The Royal Pharmaceutical Society (RPS) in Scotland has today launched its campaign ‘Good care starts with a conversation’, highlighting the crucial role pharmacists play in ensuring people get the most out of their medicines. The campaign urges the public to #talktopharmacy if they have any questions about their medicines.
Medicines are one of the most important interventions in our NHS. They can help prevent premature death, cure illness and significantly improve quality of life. However, medicines can carry risk as well as benefits. The focus on safety and person-centred outcomes is the hallmark of any pharmacist. Good care conversations around medicines with the pharmacist are therefore crucial for better outcomes for patients.
However, recent years’ research has demonstrated that awareness of the role of the pharmacist and available pharmacy services remains low.[i]
“There is a clear need for these conversations to take place”, said Alex MacKinnon, Director at RPS in Scotland. “20% of adults take more than 5 medicines and for people over 70 this rises to 59%. In addition, up to half of all medicines prescribed are not taken as intended.“
We know that every year 61,000 emergency hospital admissions are due to medicines, equating to over 10% of all non-elective hospital admissions.[ii]
Mr MacKinnon continued: “Pharmacists must play a much larger role in our NHS to ensure better outcomes for people and prevent avoidable hospital admissions.
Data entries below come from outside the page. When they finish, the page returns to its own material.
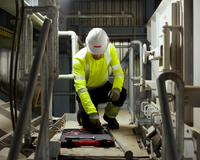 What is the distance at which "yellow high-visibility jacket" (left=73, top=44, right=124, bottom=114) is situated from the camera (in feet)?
6.62

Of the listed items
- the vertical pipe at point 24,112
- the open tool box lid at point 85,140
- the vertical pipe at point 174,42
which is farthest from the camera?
the open tool box lid at point 85,140

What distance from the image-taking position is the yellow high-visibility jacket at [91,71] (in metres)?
2.02

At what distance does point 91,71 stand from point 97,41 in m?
0.41

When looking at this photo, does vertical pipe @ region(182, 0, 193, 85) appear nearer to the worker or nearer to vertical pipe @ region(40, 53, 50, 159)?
the worker

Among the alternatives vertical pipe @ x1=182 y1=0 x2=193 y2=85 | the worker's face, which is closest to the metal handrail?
vertical pipe @ x1=182 y1=0 x2=193 y2=85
Our campaign urges people to talk to pharmacy because the good care we all want to see across our NHS, starts with a conversation.”
The RPS in Scotland urges all pharmacists to join them in raising awareness about the positive impact of day-to-day interactions in their practice by utilising the campaign poster in their care settings to initiate the conversations and encourage the public to ask questions.
The “Good Care Starts with a Conversation” campaign consists of a central poster, which is distributed to pharmacists and pharmacies across Scotland via the Scottish Pharmacist magazine and is available to download from the campaign page.
In addition, a leaflet is forthcoming, giving the public further information and space to reflect on the questions they wish to ask about their medicines.